About Jnanpith Award 

  • Jnanpith Award is India’s highest literary honour. Its name has been taken from Sanskrit words Jnana and Pitha which means knowledge-seat.
  • It was instituted in 1961 by Bharatiya Jnanpith trust founded by the Sahu Shanti Prasad Jain family that owns the Times of India newspaper group.

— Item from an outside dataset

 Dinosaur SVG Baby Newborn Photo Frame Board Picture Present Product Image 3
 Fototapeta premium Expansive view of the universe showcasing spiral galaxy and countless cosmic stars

  • It is bestowed upon any Indian citizen who writes in any 22 official languages of India mentioned in VIII Schedule of Constitution of India and English.
  • Prior to 1982, the award was only given for a single work by a writer. But after 1982, the award is given for lifetime contribution to Indian literature.
  • The award carries cash prize of 11 lakh rupees, a citation plaque and a bronze replica of Saraswati, the Hindu goddess of knowledge and wisdom
  • Note: Bengali novelist Ashapoorna Devi was the first woman to win this award in 1976. She was honoured for her 1965 novel Pratham Pratisruti (The First Promise), the first in a trilogy.